More specifically, the pledge stipulates two major things: First, by 2030, every new building constructed in these cities will be net zero–in other words, they’ll produce as much energy as they consume (or get that energy from renewable sources). Second, by 2050, all buildings, new and old, will conform to the net-zero standards.
As part of the announcement, several mayors hinted at the rise of nationalist politics–and the attendant inaction on climate change policy. Clover Moore, Lord Mayor of Sydney, described the “shocking inaction by National Government here in Australia,” while Washington, D.C., Mayor Muriel Bowser noted that, “as the nation’s capital, Washington, D.C. has a unique responsibility to push for bold climate action.”

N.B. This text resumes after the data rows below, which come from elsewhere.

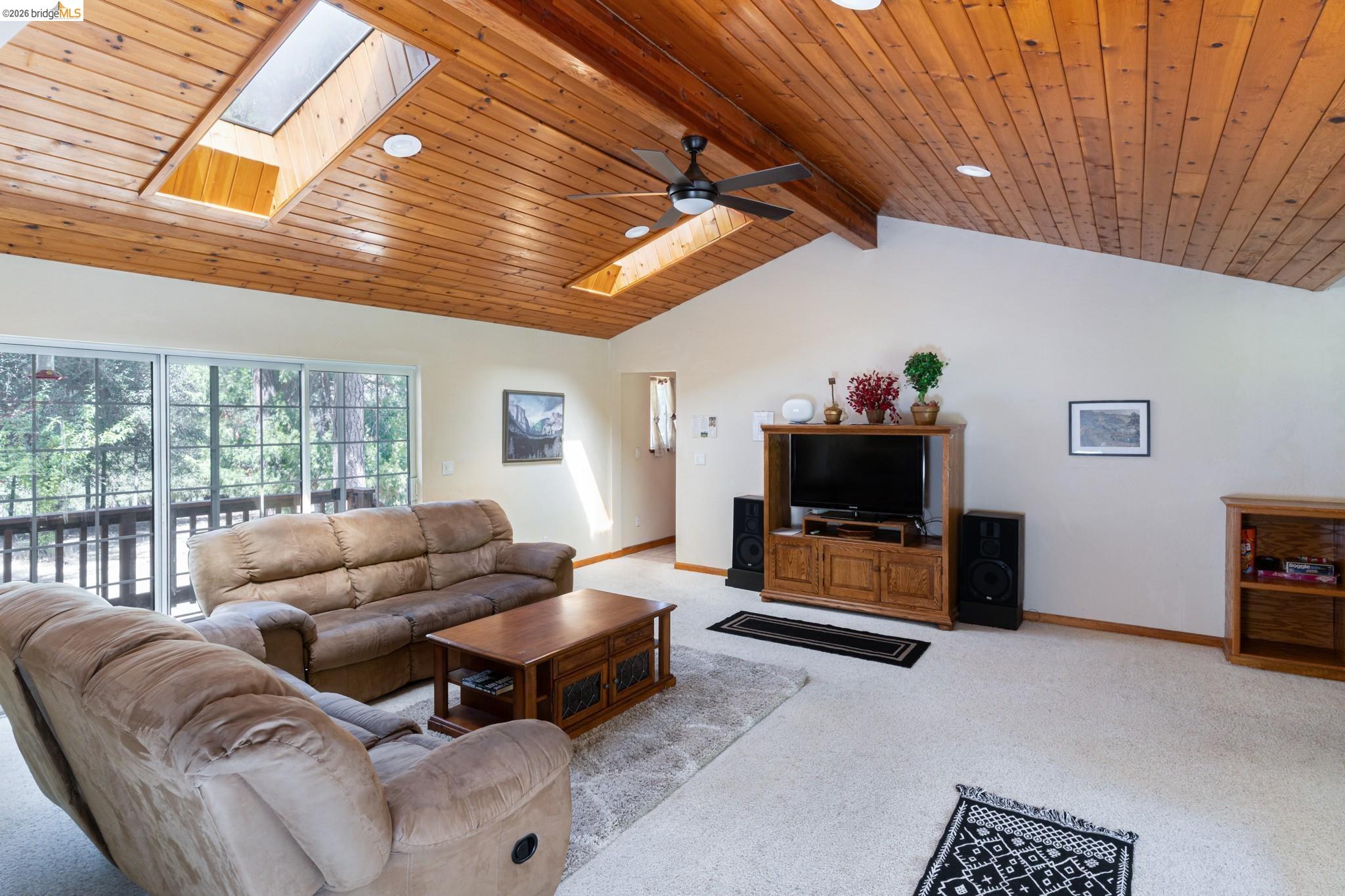 19390 Ferretti Road Groveland, CA 95321 - Photo 12 of 38 Vaulted wood-paneled ceiling with skylights and recessed lighting, accompanied by a ceiling fan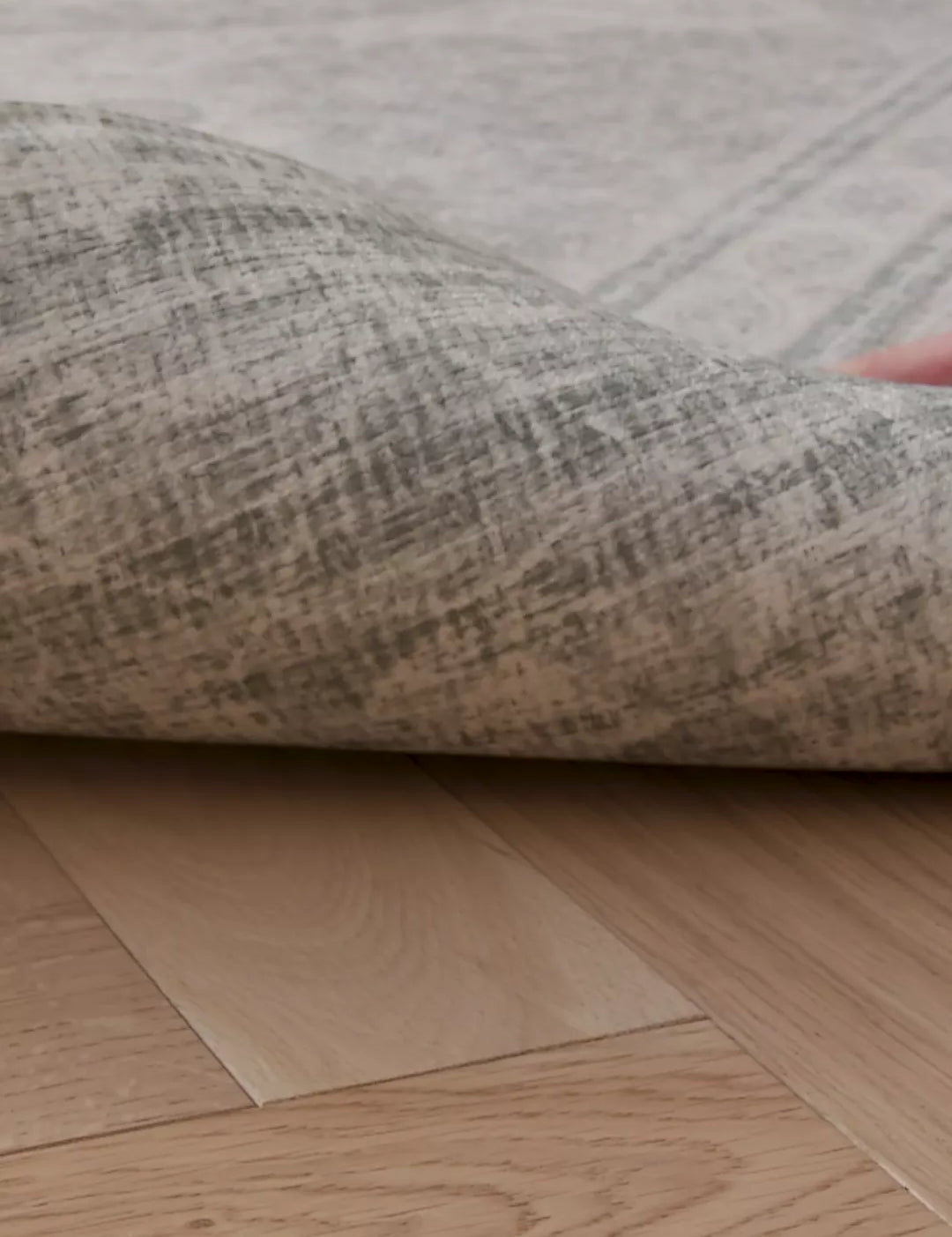 A video of a hand lifting up a rug-like extra large playmat. On the reverse we see a stylish grey patterned deign 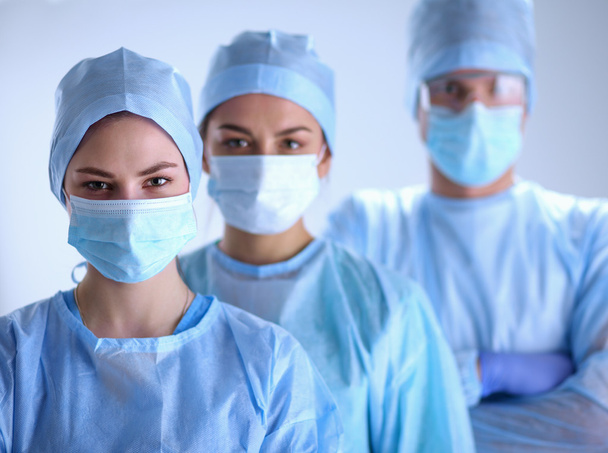 Equipe de cirurgiões, usando uniformes protetores, bonés e máscaras - Foto, Imagem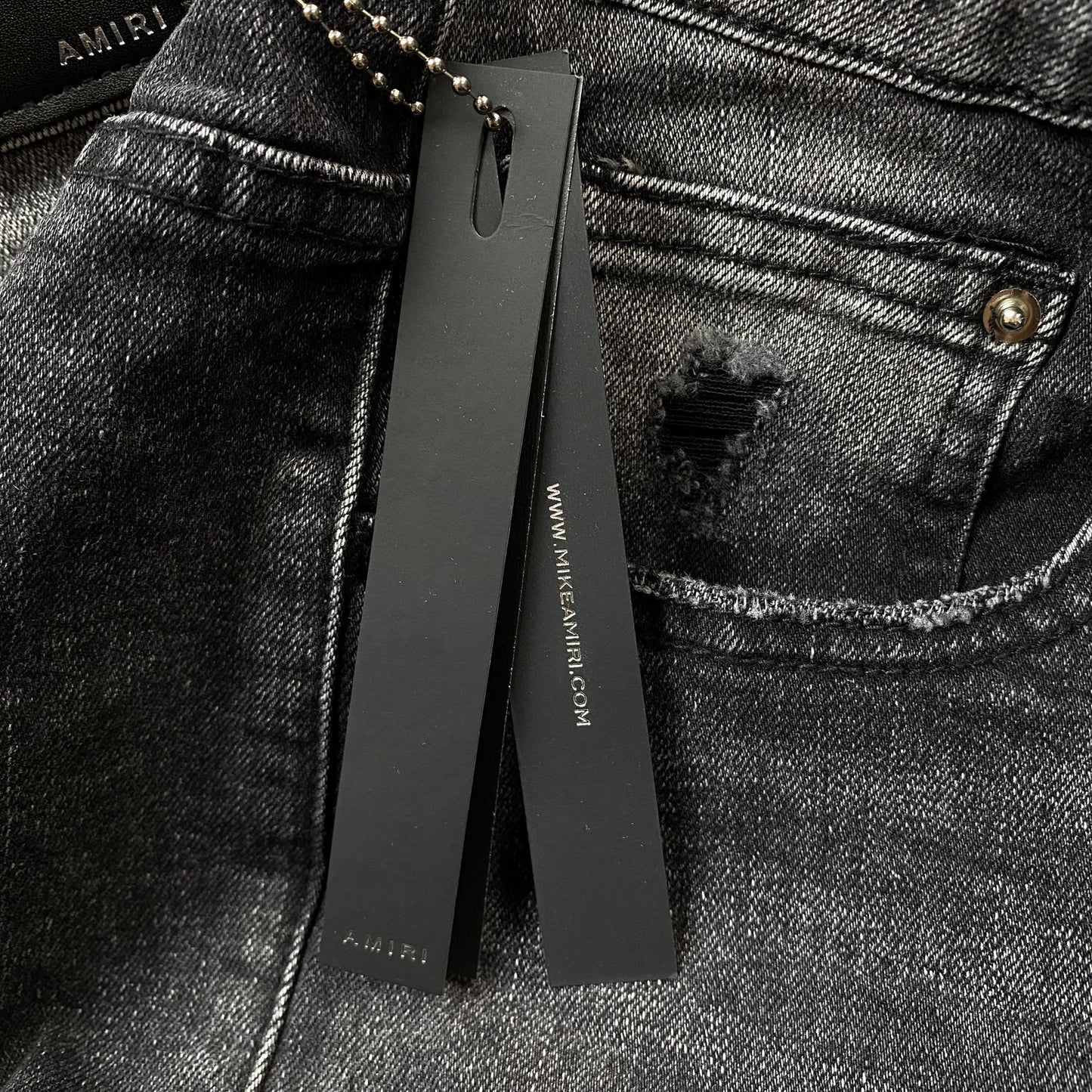 JEAN NOIR AMIRI VARSITY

It’s an ambitious goal, considering that there are many hundreds of thousands of buildings in Manhattan alone, all of which would need to be retrofitted within the next three decades. On the other hand, as C40–the coalition of almost 100 mayors behind the pledge–points out, the stakes are high: Pollution from buildings can constitute up to 70% of overall emissions in some cities including Paris and Los Angeles, and research shows that hundreds of thousands of premature deaths are caused by increasing air pollution. (Even, as Curbed‘s Alissa Walker rightly points out, transit pollution is an even bigger hurdle for some cities.)
As many mayors also noted, there are economic benefits to be had in the process. L.A.’s Eric Garcetti called the pledge a “moral necessity, an environmental imperative, and an economic opportunity,” while Vancouver’s mayor, Gregor Robertson, reported a 53% increase in green building jobs since 2010 in the city.
There’s another opportunity for cities in adopting net-zero standards to focus on: Social and economic equity. The Rocky Mountain Institute’s Kelly Vaughn, writing about its national “Getting To Zero” forum focused on net zero standards in cities this spring, reports that these new standards could be an avenue for cities that want to raise the standard of living for all citizens. In many cities, poor and disinvested communities are among the most air-polluted. They also pay higher energy costs due to poorly insulated and inefficient building design; A recent report from the American Council for an Energy-Efficient Economy found that even making low-income housing as energy efficient as the average house in the U.S. would cut 35% of energy costs. Making all housing–especially affordable and low-income buildings–net zero could, feasibly, help make citizens healthier and cost them less to heat.
Time will tell if every city throwing its weight behind the pledge will do it in a way that promotes economic justice along with environmental justice.